*** Opening of MATERIAL FOR THIS TASK ***

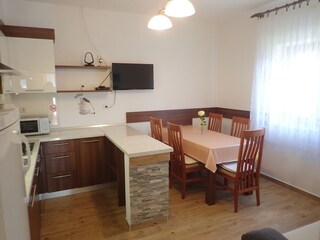 Apartment Seline Features 10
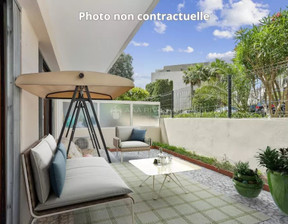 Mieszkanie na sprzedaż, Francja Cannes, 443 046 dolar (1 714 589 zł), 72 m2, 95134058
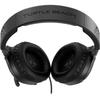 Casque de gaming multi-plateforme - TURTLE BEACH - Recon 70 PC - Noir
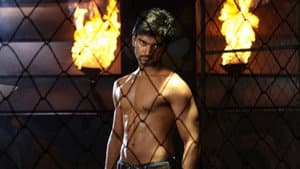 முப்பொழுதும் உன் கற்பனைகள் — foto 6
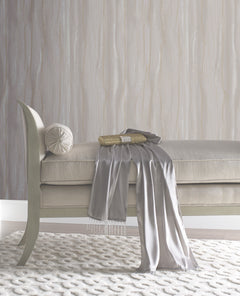 DT5032-peel-and-stick-wallpaper-room-scene-detail-closeup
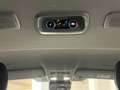 Ford Tourneo Custom Tourneo Custom 320 2.0 EcoBlue 170CV aut. AWD PL Albastru - thumbnail 33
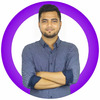 Hasibul Hasan S.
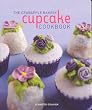 The Crabapple Bakery Cupcake Cookbook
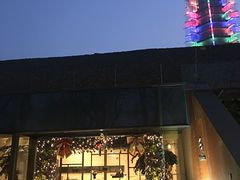 -EN SPACE恩空间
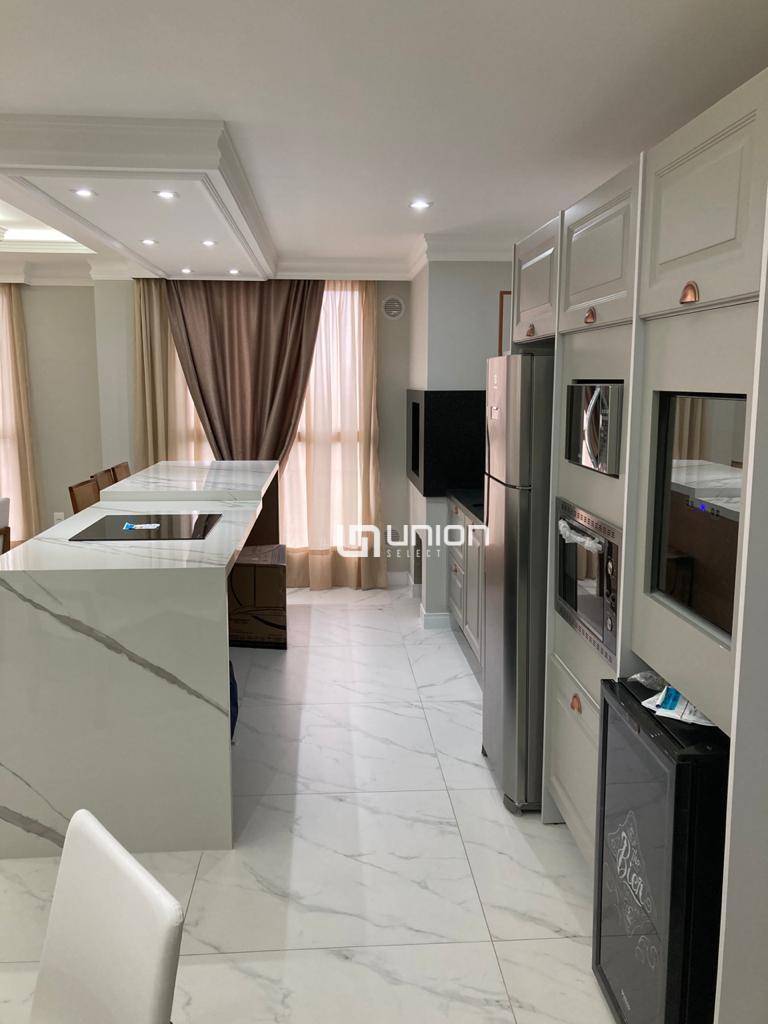 Apartamento à venda com 2 quartos, 86m² - Foto 14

*** Close of MATERIAL FOR THIS TASK ***

- [WHAT IS EXPECTED]: All the records need to be retyped word for word, except for the pictures.

- [YOUR RESPONSE]:
 Apartment Seline Features 10
 Mieszkanie na sprzedaż, Francja Cannes, 443 046 dolar (1 714 589 zł), 72 m2, 95134058
 Casque de gaming multi-plateforme - TURTLE BEACH - Recon 70 PC - Noir
 முப்பொழுதும் உன் கற்பனைகள் — foto 6
 DT5032-peel-and-stick-wallpaper-room-scene-detail-closeup
 Ford Tourneo Custom Tourneo Custom 320 2.0 EcoBlue 170CV aut. AWD PL Albastru - thumbnail 33
 Hasibul Hasan S.
 The Crabapple Bakery Cupcake Cookbook
 -EN SPACE恩空间
 Apartamento à venda com 2 quartos, 86m² - Foto 14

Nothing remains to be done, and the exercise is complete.